私は団塊の世代

団塊の世代の私が生きてきた時代を振り返ってみようと思います。私の記憶の間違いをご指摘くださるとうれしいです。

歩く辞書

 幸子は祖母(彼女の母)に素っ気ない。妹の洋子ばかりかわいがると子供の頃から恨んでいた。幸子は長い間3人姉妹の末っ子だったのが、8歳のときに洋子が生まれ、家族の関心が一斉に美人の洋子に集まった。祖母が洋子を溺愛しているのは、私にも感じられた。幸子が懐いていた芦屋の叔母ちゃん(私の祖父の妹)も洋子の誕生の数年前に結婚して家を出ていて、幸子は少女期につらい思いをしたらしい。1972年(昭和47年)に祖父が亡くなったとき、「お父さんがいはらへんし、もうあそこ(実家)に行っても面白ないな」と母に言うのを聞いて、私は意外に感じた。祖母を大事にしない祖父を、母は怒っていたから。幸子が結婚後も毎日のように実家に顔を出していたのは、祖父に会いに行っていたのか。
 母の子供時代、刺繍の仕事で生計を立てていた実家には30人ほどの従業員がおり、祖母はその賄いに忙しく働いた。祖父の妹弟の面倒も見た。祖父の母である曽祖母にこき使われてかわいそうだったと、母はよく言う。祖父はのんきに長唄の練習をしていたそうだ。

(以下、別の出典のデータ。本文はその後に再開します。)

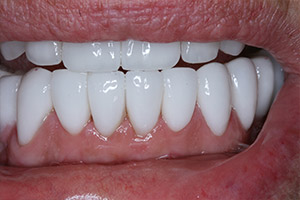 Closeup flawlessly repaired smile after implants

戦時中にぜいたく禁止令で刺繍ができなくなってからは、祖父は布地を扱う仕事に就いたが、のらりくらりで稼ぎは少なかったろう。祖父が生地を肩に担いで出かける姿を覚えている。重そうで痛々しかった。
 1957年(昭和32年)に我が家が東京に転居してまもなく祖父が来て、23区の地図を広げ、「これ、なんて読むか知ってるか?」と『豊島区』の字を指した。「トヨシマ区?」「テシマや。」 私はすぐに台所に行って、「これ、テシマて読むのやて」と新しい知識を母に披露すると、「おじいちゃんの言わはることは合うてるかどうか分からへんえ」と返されてびっくりした。父の言うことは正しいと盲信する母なのに。私も母の知識は疑うが、親戚から歩く辞書(walking dictionary)と信頼されている父の話は頭から信じる。母は私と違って、自分の父を信用していないことに、私は驚いた。その後『トシマ区』と分かり、私が『テシマ』と聞き間違えたのかとずっと思っていたが、1990年頃に瀬戸内海の小島の豊島で産業廃棄物問題が起きたとき、この島がテシマであることを知り、もしかして祖父はこの島の呼び名を頭に浮かべたのだろうかという疑問に捕らわれた。